Alaska Reps. Les Gara and Bill Thomas said Wednesday that they will revisit an existing state law banning electronic device use while driving, after a magistrate in Kenai ruled the current law was too ambiguous to enforce.
Magistrate Jennifer Wells said that the law, which bans the use of items with a screen, was not explicit about banning text messaging. Her ruling followed a similar debate over the law in Fairbanks, where a training judge advised magistrates not to enforce the texting-while-driving ban.
Gara said that revisiting the law is simply a way to expedite the legal hurdles posed by challenges to the current language, "rather than go a year or two while people in parts of the state aren't being prosecuted.
"We want to make sure it's clear to the courts that we always intended that it's illegal to text while driving," Gara, D-Anchorage, said.
Use of electronic devices while driving is a hot-button issue these days. Ashley Bashore, a 19-year-old Anchorage woman, was recently arrested and charged with criminally negligent homicide for hitting a man last Easter; police allege she was texting immediately before or during the accident, which killed 28-year-old Hubert Tunuchuk.
At the federal level, the National Transportation Safety Board last month recommended a ban on the use of all personal electronic devices while operating any motor vehicle. This would cover everything from laptop computers to cellphones while operating a car, boat, or plane.
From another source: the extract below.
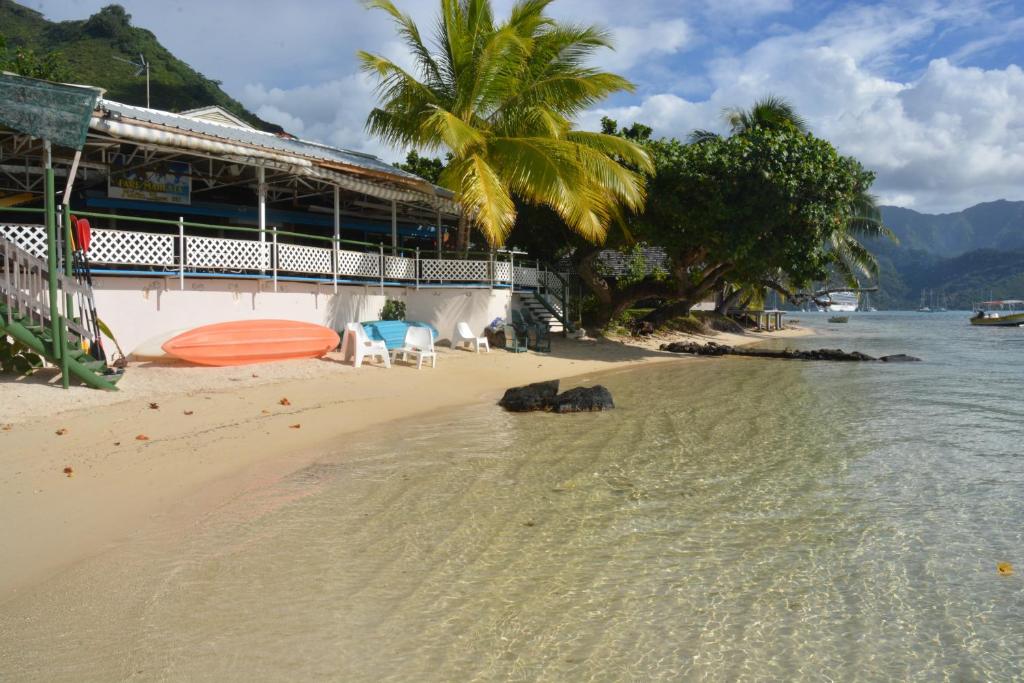 a beach with two chairs and a building at Fare Maheata in Pihaena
It's up to the individual states to determine the degree to which they would ban the devices.
Nine states currently have bans on all cellphone use while driving, and 35 states ban texting while driving.
"We think the current law is OK, we agree with the judges that have been enforcing it," Gara said. "There's a good faith disagreement among the judges. So instead of the words 'texting' or 'video,' we say 'typing.'"
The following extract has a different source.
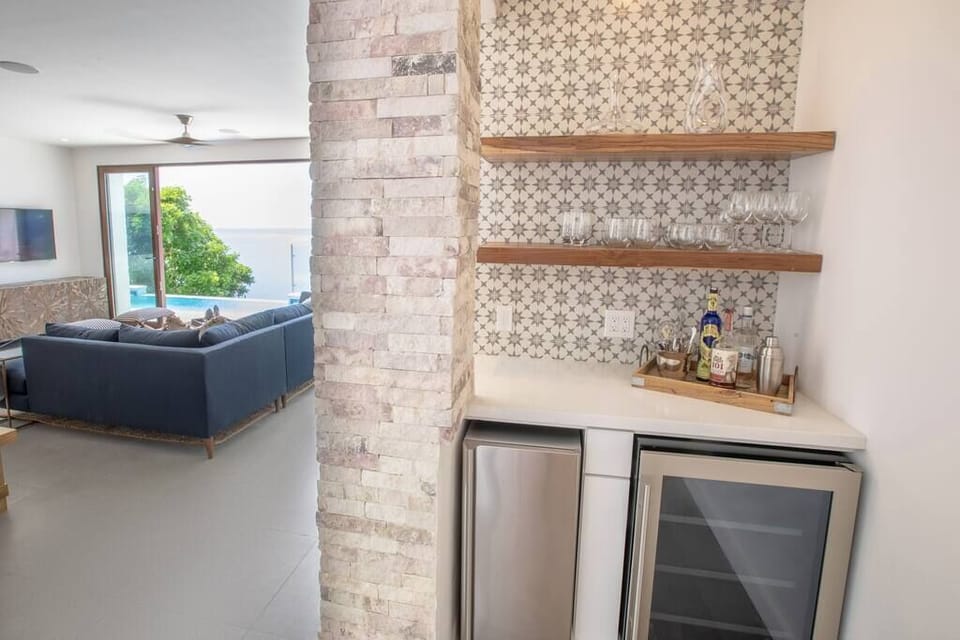 Bar area just off the kitchen with an ice maker and beer/wine fridge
Three other Alaska lawmakers have other laws pending with the Legislature governing cell phone use while driving, but Gara said those bills are moving slowly, and the language amending the existing law likely wouldn't be attached to one of them.
Two of those bills -- one sponsored by Juneau Republican Rep. Cathy Munoz and the other by Anchorage Democratic Rep. Mike Doogan -- would ban all handheld cellphone use while driving, a harder sell than texting, which is generally seen as a more distracting activity.
Ultimately, Gara said, the goal of the ban on texting while driving is to enhance public safety, and the new language would help to speed up the approval process.
"This is a public safety issue. When people type or text while they're driving, they are endangering people's lives. That's not acceptable," said Rep. Thomas, R-Haines.